Vous savez que la façon dont chaque élément particulier de l’humanité apparaît dans un individu dépend du degré où cet élément est, par rapport aux autres, soit limité par eux, soit laissé libre ; ce n’est que par ce conflit général que chacun d’eux revêt, dans chaque individu, une figure et une grandeur déterminées ; ce conflit à son tour n’est entretenu que par la solidarité des êtres particuliers et par le mouvement de l’ensemble. Ainsi chaque être et chaque chose est en chacun et chacune une œuvre de l’Univers[1], et c’est ainsi seulement que la religion peut considérer l’homme. Je voudrais vous ramener à cette base de notre existence déterminée et à ce qui limite religieusement nos contemporains ; je voudrais vous faire comprendre distinctement pourquoi nous sommes ainsi que nous sommes et non autrement, et ce qui devrait arriver pour que nos bornes de ce côté fussent à présent reculées. Je voudrais que vous pussiez prendre conscience de la manière dont, par votre être et votre activité, vous êtes, vous aussi, en même temps instruments de l’Univers, et comment votre activité, dirigée sur de tout autres objets, exerce, elle aussi, une influence sur la religion et son état le plus proche.
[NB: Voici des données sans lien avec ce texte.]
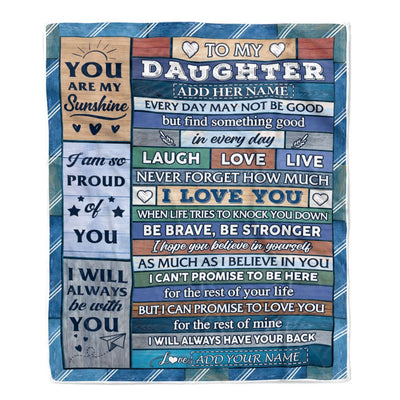 Personalized To My Daughter Gifts From Mom Dad Mother Blanket Wood I Love You Birthday Graduation Gifts For Daughter Christmas Customized Fleece Blanket | siriusteestore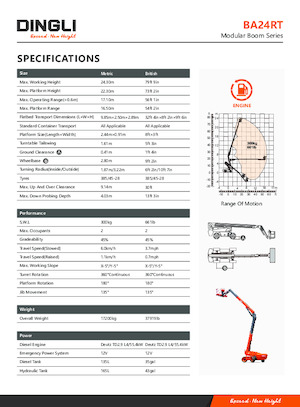 Tekerlekli Teleskopik Bomlu Vinçler Dingli BA24RT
[144] L’homme naît doué de l’aptitude pour la religion comme de toutes les autres et pour peu que son sens ne soit pas violemment comprimé, que toute communauté entre lui et l’Univers ne soit pas entravée et barrée, — ce sont là, on en convient, les deux éléments de la religion, — cette aptitude devrait immanquablement se développer chez chacun de la manière qui lui serait propre. Mais cette compression entravante est malheureusement ce qui, à notre époque, se produit dès l’enfance dans une si forte mesure. Je vois chaque jour avec douleur comment la rage de comprendre ne laisse pas du tout le sens germer et se développer, et comme tout s’unit pour tenir l’homme

  1. So ist Jeder und Jedes in Jedem ein Werk des Universums.